Supplied material
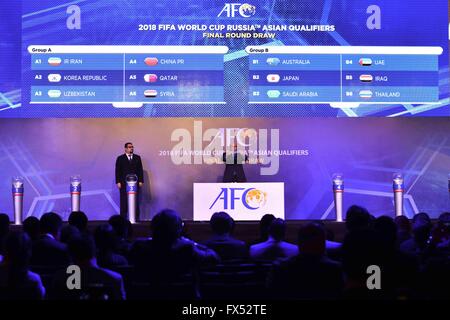 Kuala Lumpur, Malaysia. 12. April 2016. Windsor John, Generalsekretär der Asian Football Confederation (AFC) zeigt ein Anziehungspunkt für Australien während der offiziellen Auslosung für die Endrunde der 2018 FIFA World Cup Football asiatischen Qualifier in Kuala Lumpur, Malaysia, am 12. April 2016. © Chong Voon Chung/Xinhua/Alamy Live-Nachrichten Stockfoto
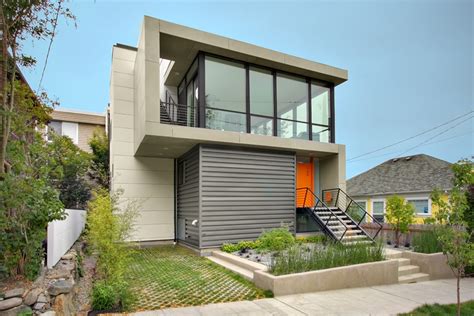 Modern House Design On Small Site Witin A Tight Budget - Crockett ...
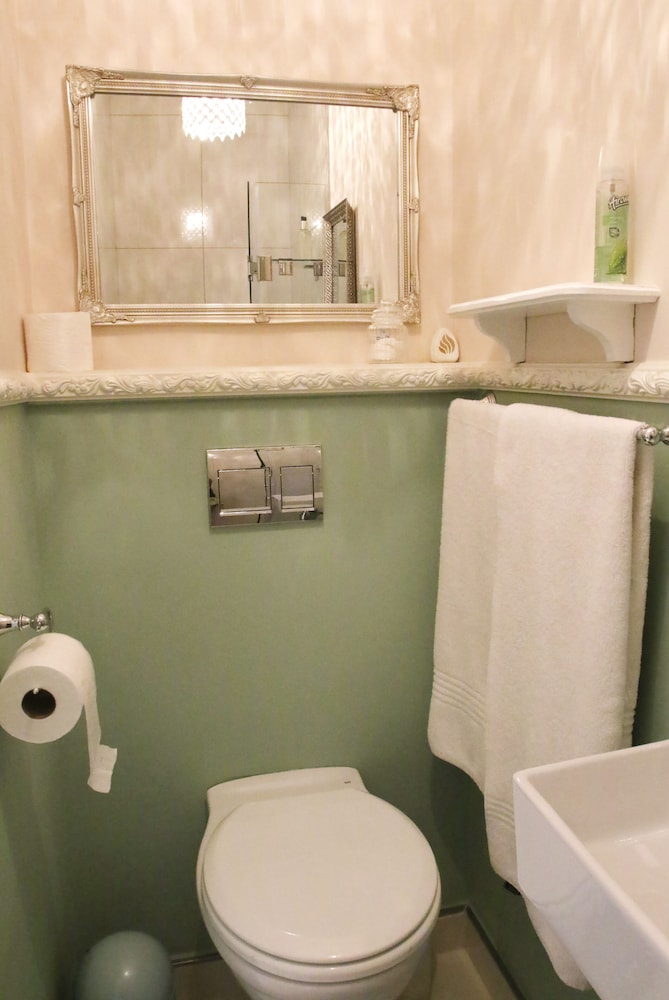 Dolphin Inn Guest House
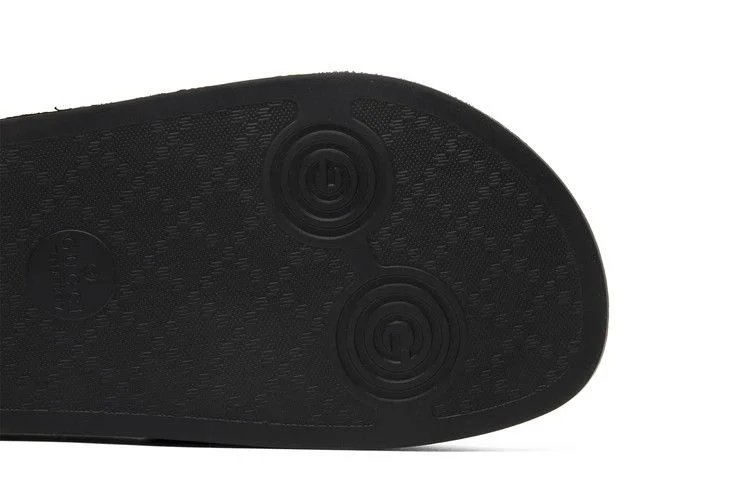 Tapochki-Gucci-Pursuit-72-Rubber-Slide-Black-4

Work request
Could you retype exactly, and only, the lines running from the one with "Modern House Design" to the last line of the listing, while leaving any pictures out?

Solution
 Modern House Design On Small Site Witin A Tight Budget - Crockett ...
 Dolphin Inn Guest House
 Tapochki-Gucci-Pursuit-72-Rubber-Slide-Black-4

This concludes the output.